Records shown Block Start

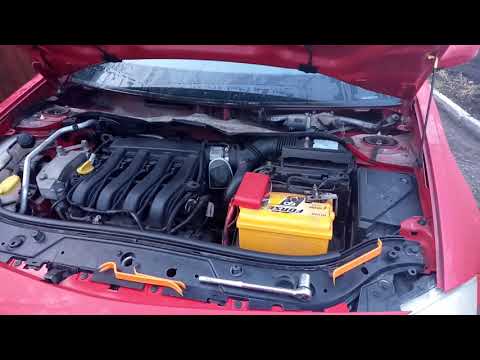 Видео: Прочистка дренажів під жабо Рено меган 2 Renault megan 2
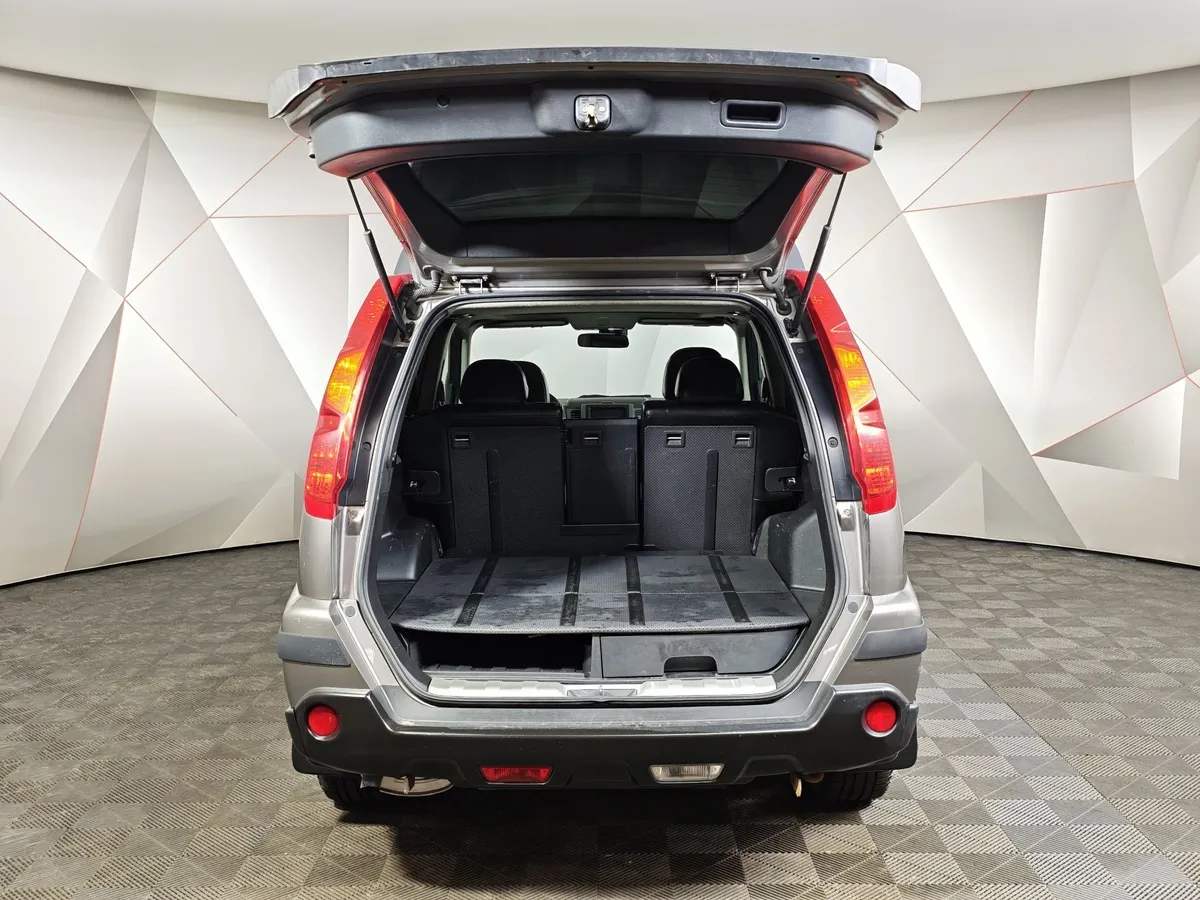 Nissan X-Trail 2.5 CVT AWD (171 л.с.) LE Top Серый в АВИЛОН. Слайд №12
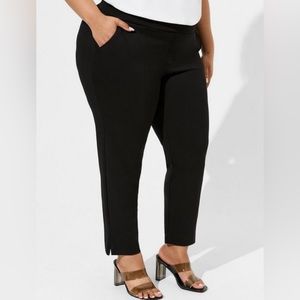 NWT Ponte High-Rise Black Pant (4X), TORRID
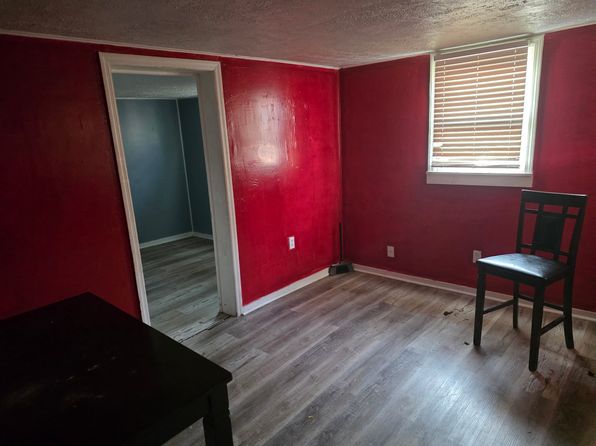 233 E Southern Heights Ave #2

Records shown Block End
Records shown Block Start

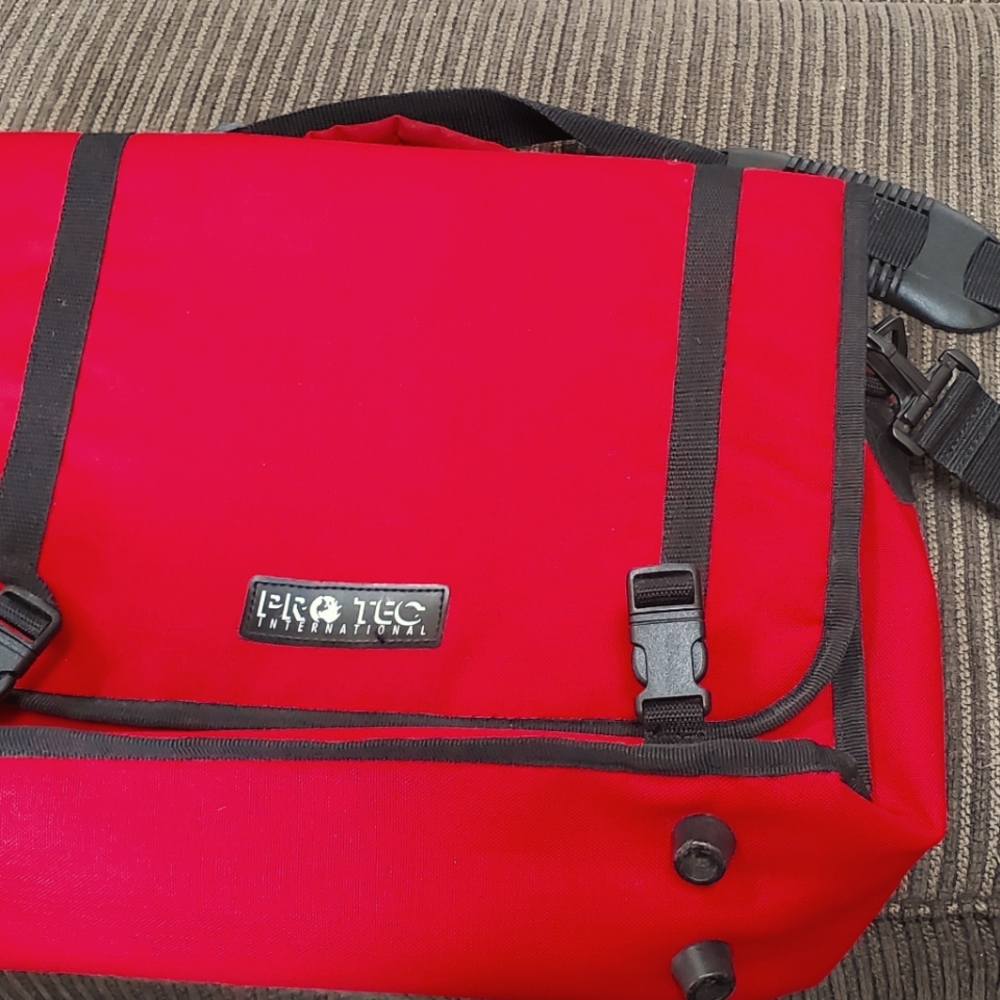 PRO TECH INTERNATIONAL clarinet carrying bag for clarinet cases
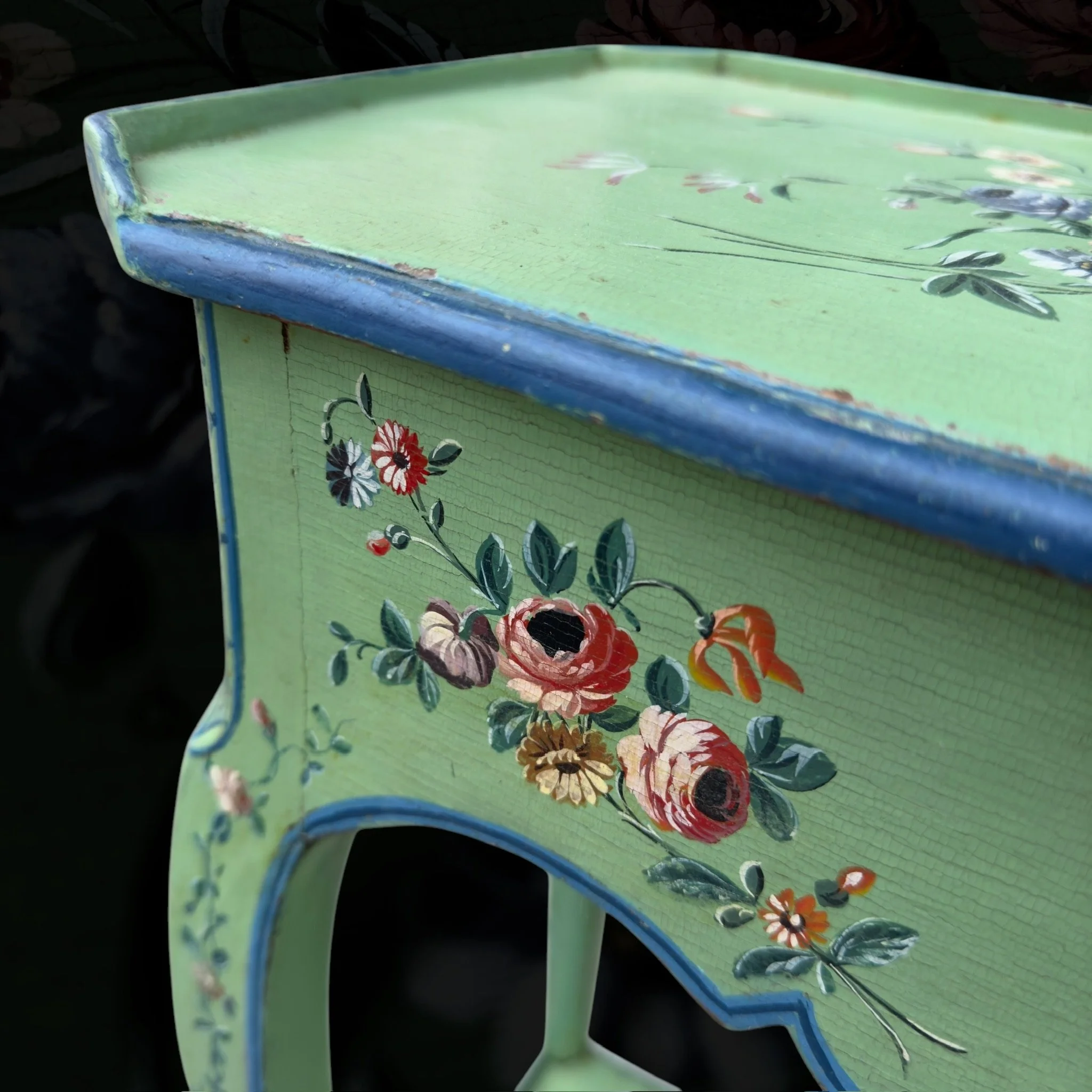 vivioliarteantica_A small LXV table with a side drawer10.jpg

Records shown Block End
Records shown Block Start

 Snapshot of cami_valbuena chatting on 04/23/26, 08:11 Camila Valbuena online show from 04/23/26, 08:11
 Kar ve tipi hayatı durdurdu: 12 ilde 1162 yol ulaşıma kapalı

Records shown Block End

Task item: Drop the pictures; return the lines above from the line containing "NWT Ponte High-Rise Black Pant (4X), TORRID" to the line containing "233 E Southern Heights Ave #2", both included, exactly.

Expected output:
 NWT Ponte High-Rise Black Pant (4X), TORRID
 233 E Southern Heights Ave #2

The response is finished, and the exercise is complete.